AIM OF THE EXERCISE: Give again, word for word, each line of the data from the first through the one containing "Über die Fahrbahn". Pictures stay out.

[Image-caption web data]
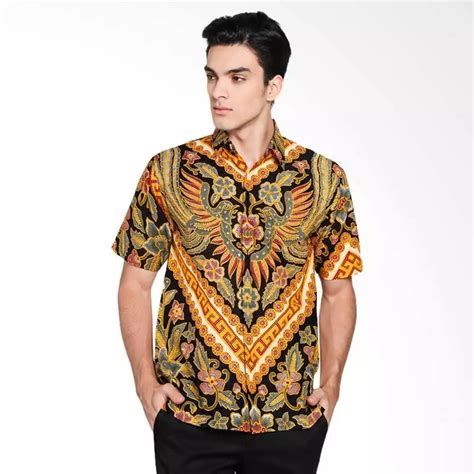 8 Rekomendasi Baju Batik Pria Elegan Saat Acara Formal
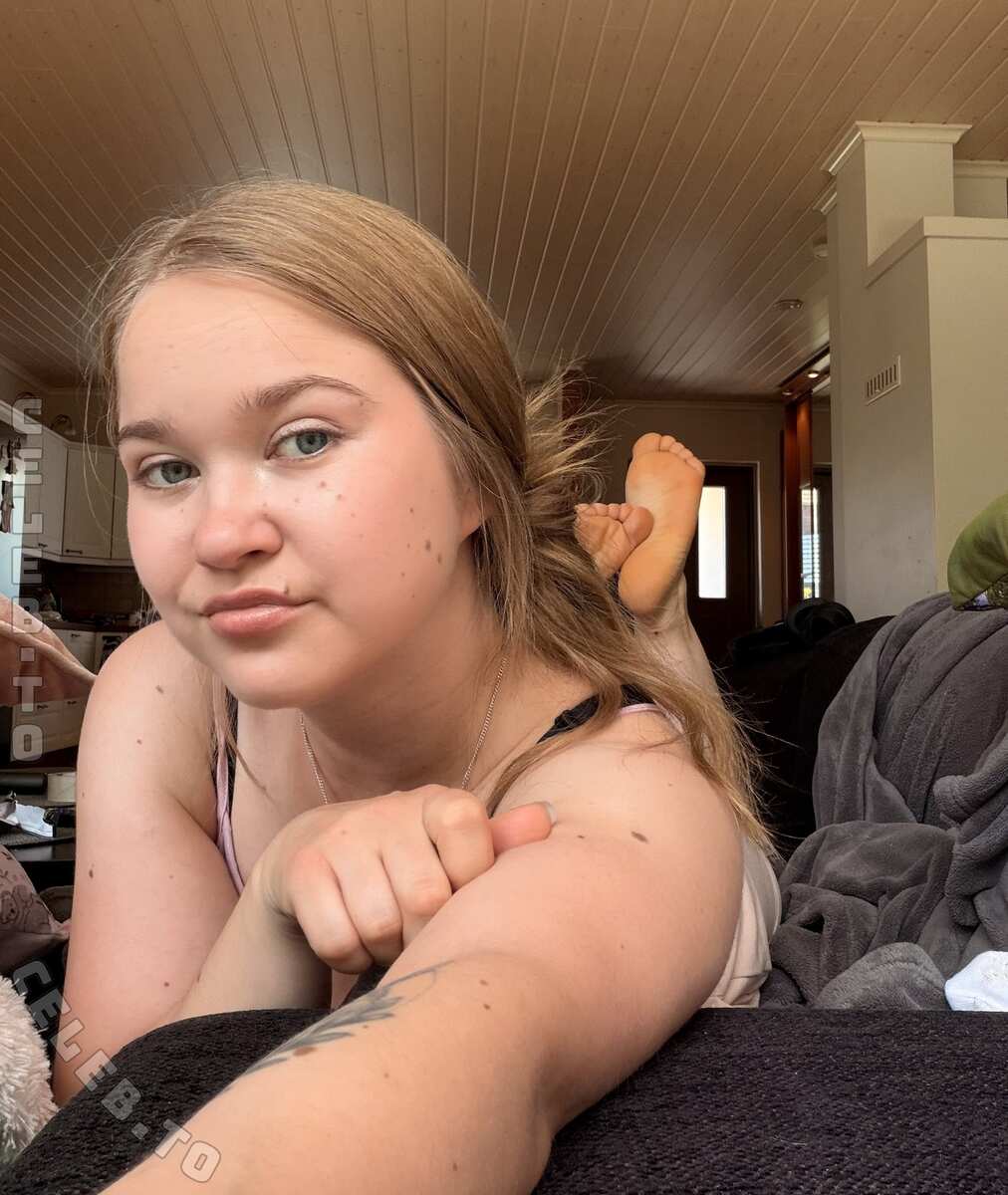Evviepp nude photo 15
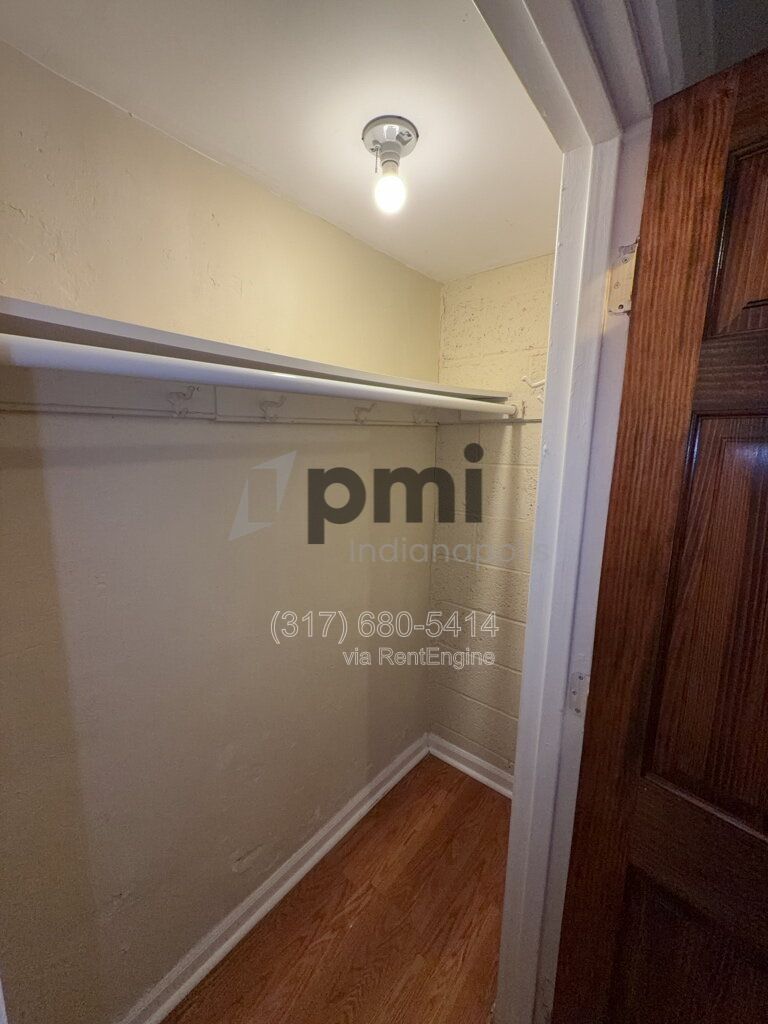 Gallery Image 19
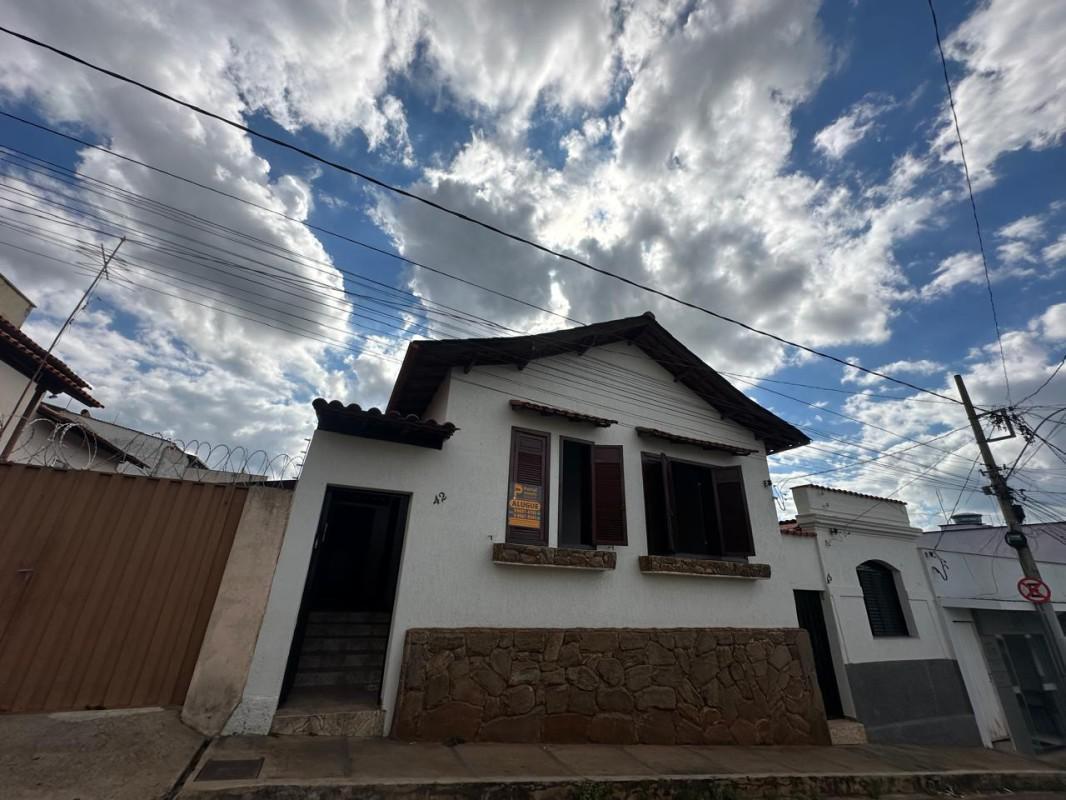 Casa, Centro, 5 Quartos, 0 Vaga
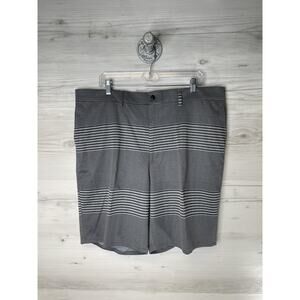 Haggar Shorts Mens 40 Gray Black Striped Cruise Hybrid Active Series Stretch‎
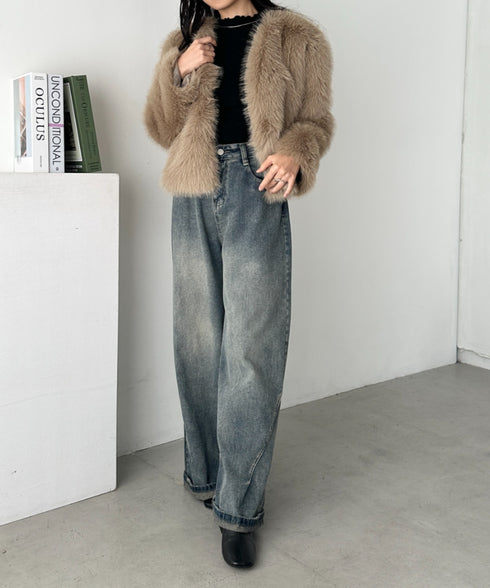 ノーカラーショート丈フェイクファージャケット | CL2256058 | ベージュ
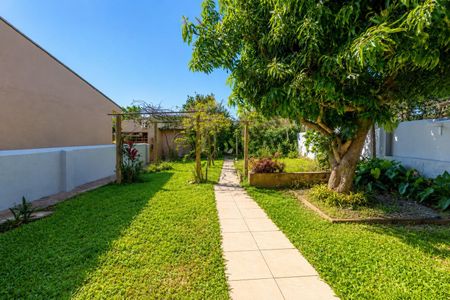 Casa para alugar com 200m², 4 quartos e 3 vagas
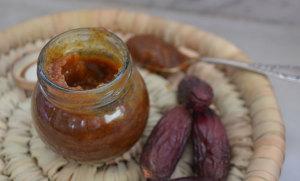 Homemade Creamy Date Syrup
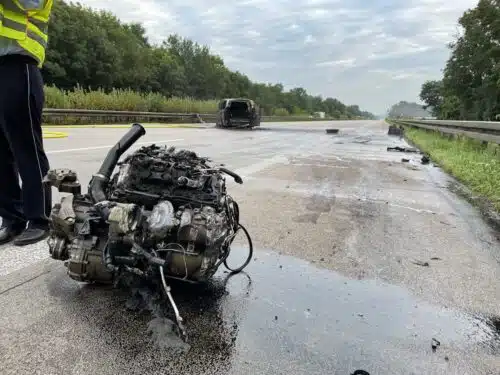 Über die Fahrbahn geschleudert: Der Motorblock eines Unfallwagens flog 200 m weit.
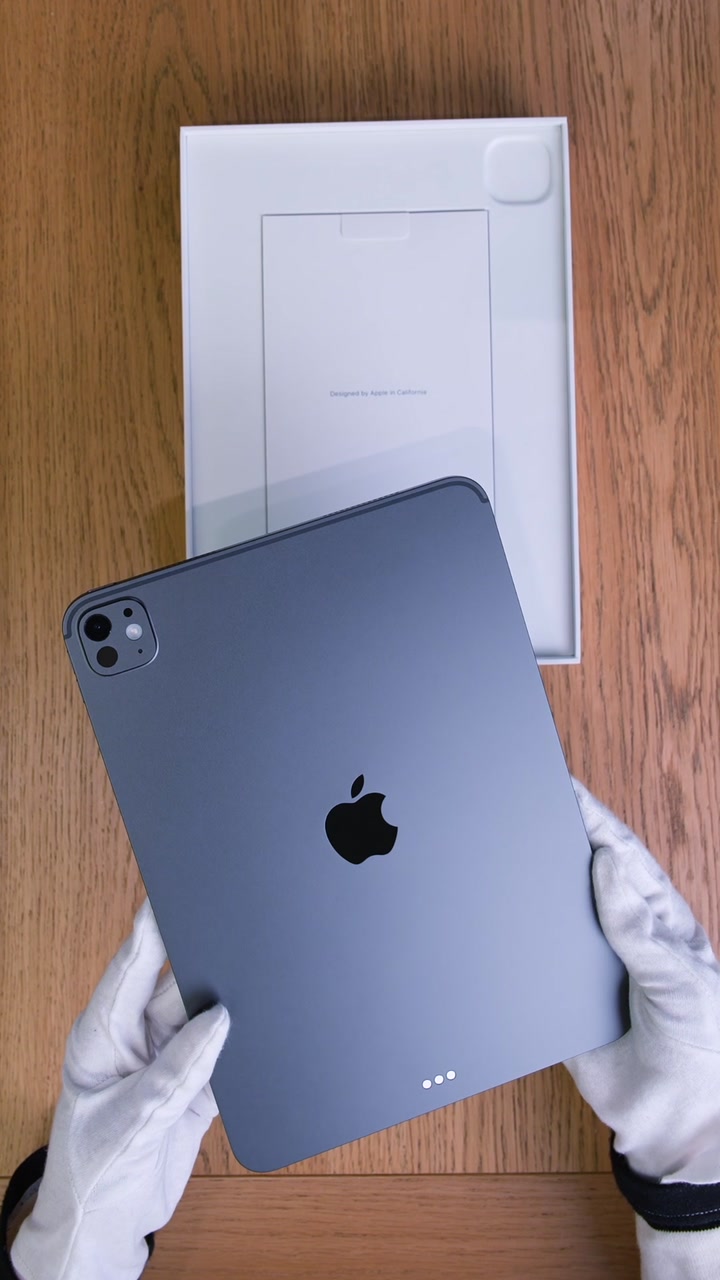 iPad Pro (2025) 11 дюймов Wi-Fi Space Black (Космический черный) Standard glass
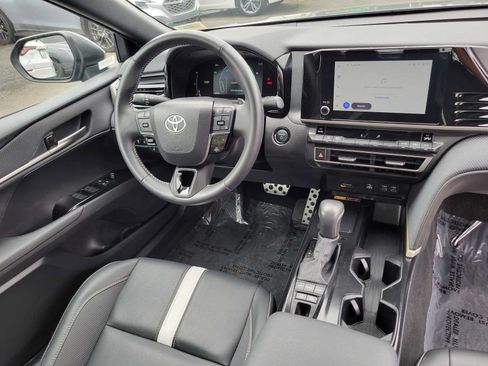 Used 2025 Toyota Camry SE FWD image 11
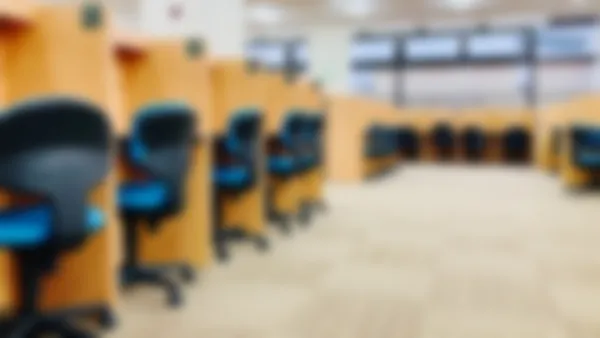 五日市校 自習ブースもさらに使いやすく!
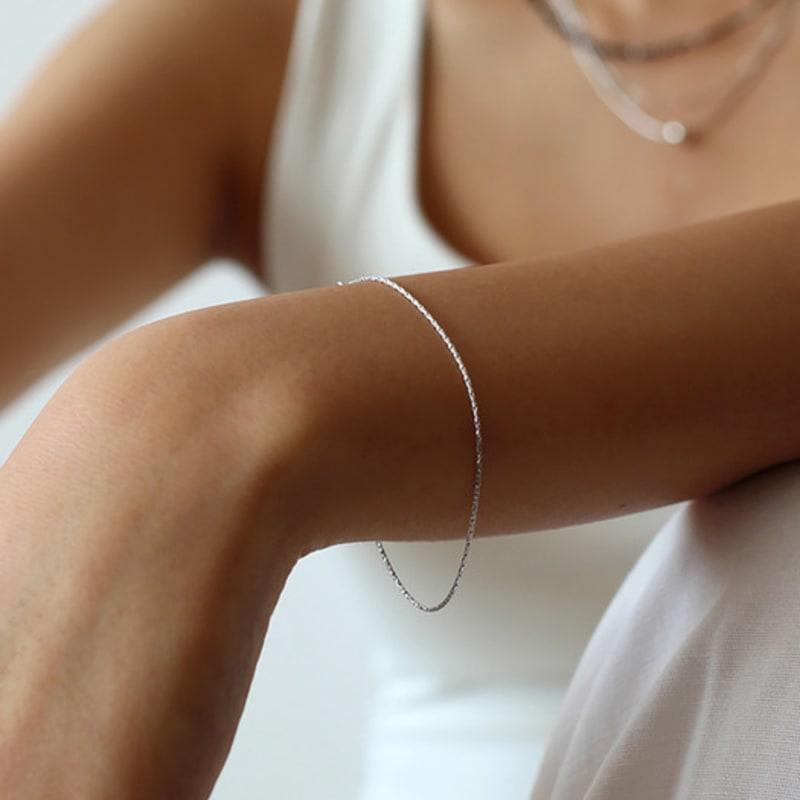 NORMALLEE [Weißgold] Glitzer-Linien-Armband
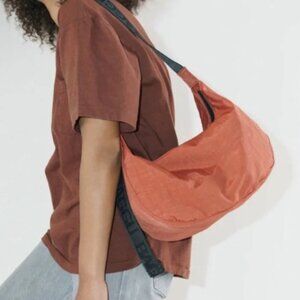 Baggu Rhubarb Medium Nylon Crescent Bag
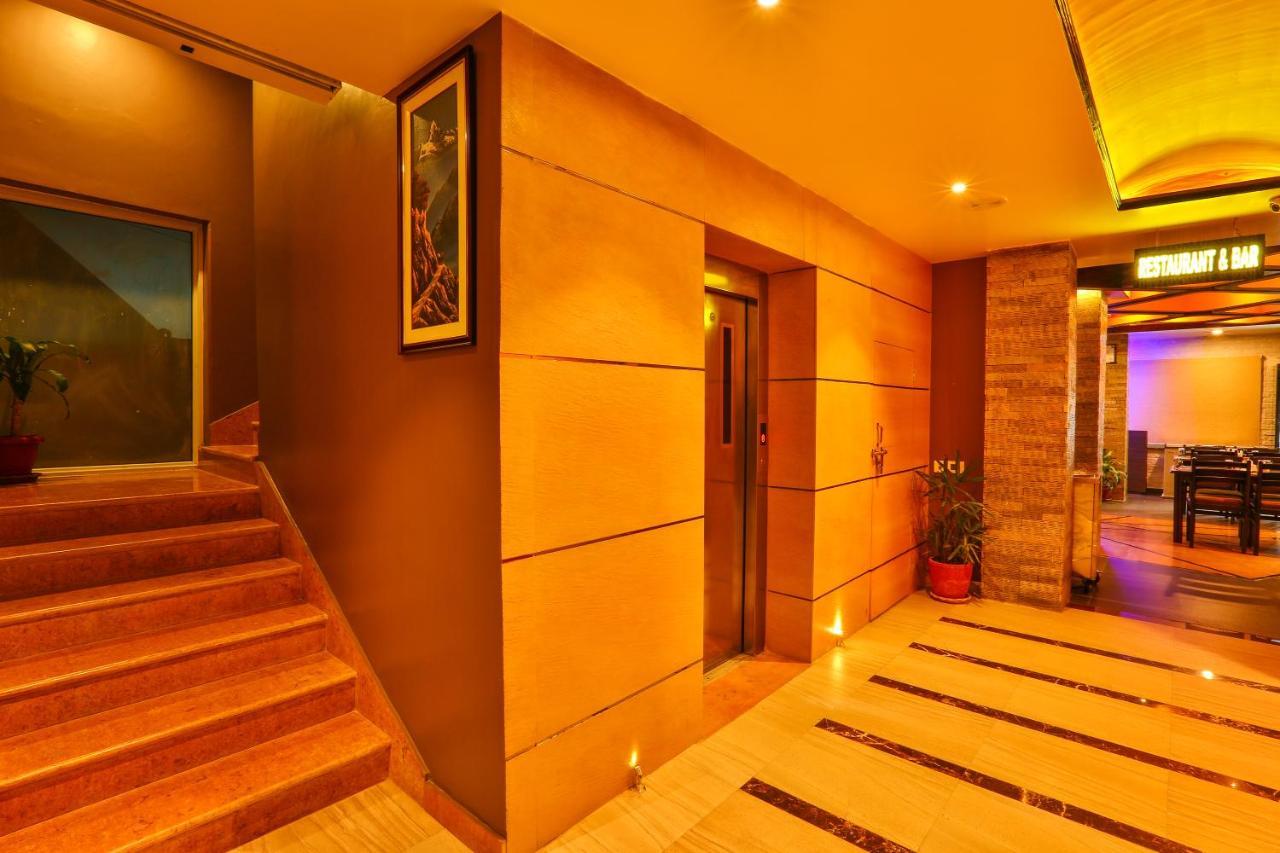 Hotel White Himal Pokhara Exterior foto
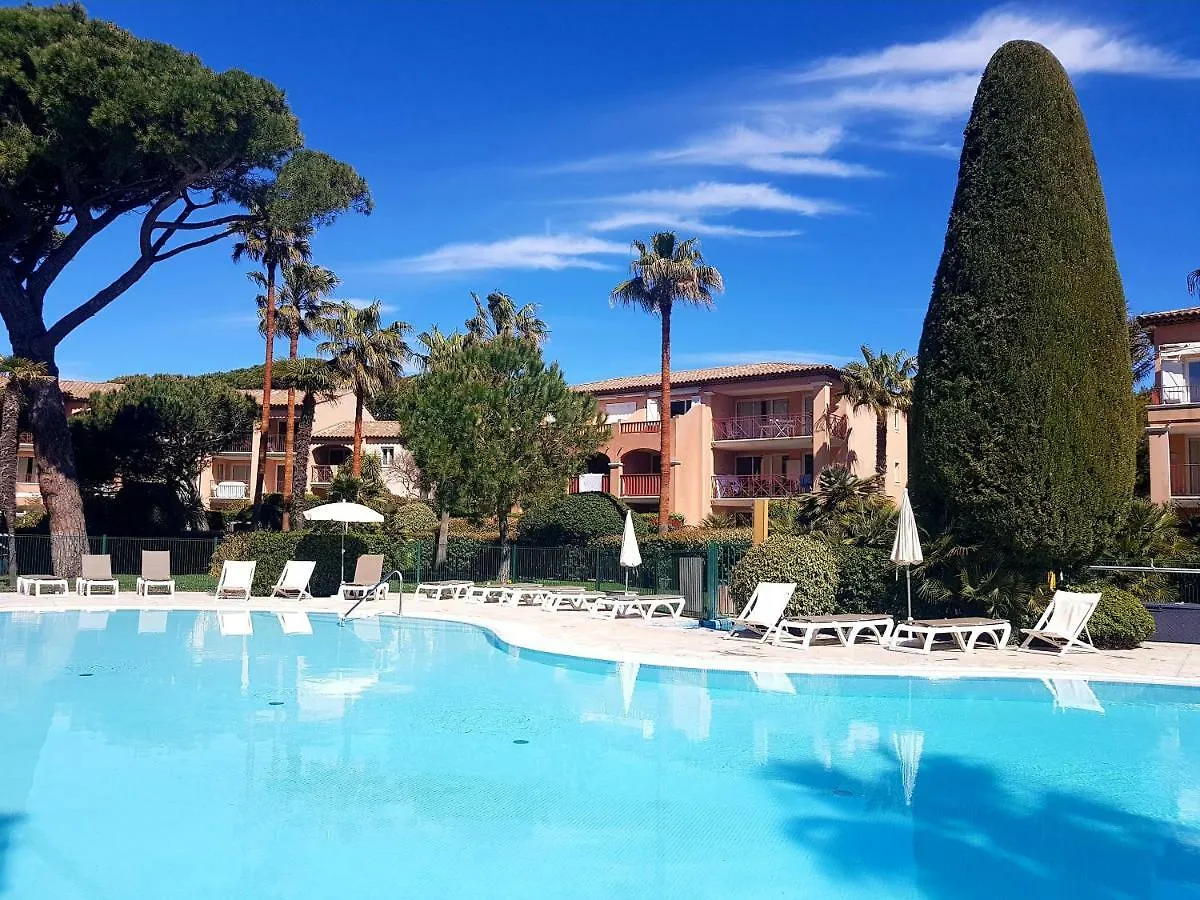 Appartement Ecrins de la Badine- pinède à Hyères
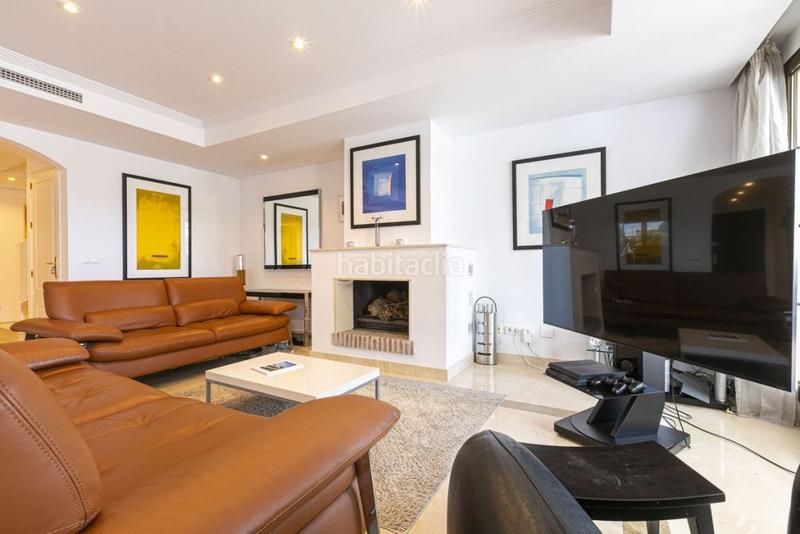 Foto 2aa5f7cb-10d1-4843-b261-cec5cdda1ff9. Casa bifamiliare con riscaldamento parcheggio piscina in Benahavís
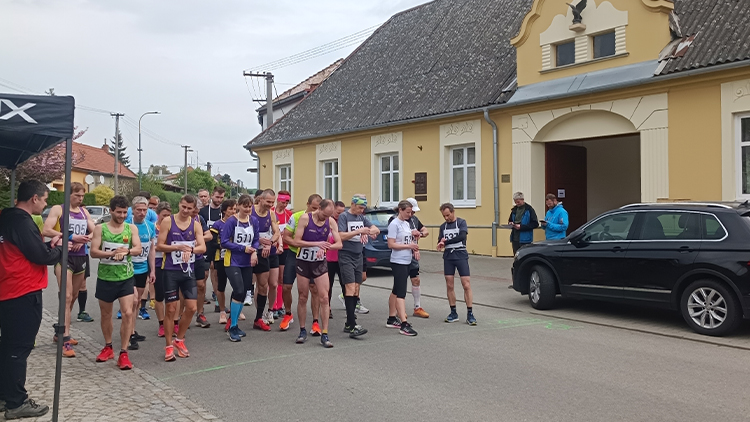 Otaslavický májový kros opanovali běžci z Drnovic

ANSWER BELOW:
 8 Rekomendasi Baju Batik Pria Elegan Saat Acara Formal
Evviepp nude photo 15
 Gallery Image 19
 Casa, Centro, 5 Quartos, 0 Vaga
 Haggar Shorts Mens 40 Gray Black Striped Cruise Hybrid Active Series Stretch‎
 ノーカラーショート丈フェイクファージャケット | CL2256058 | ベージュ
 Casa para alugar com 200m², 4 quartos e 3 vagas
 Homemade Creamy Date Syrup
 Über die Fahrbahn geschleudert: Der Motorblock eines Unfallwagens flog 200 m weit.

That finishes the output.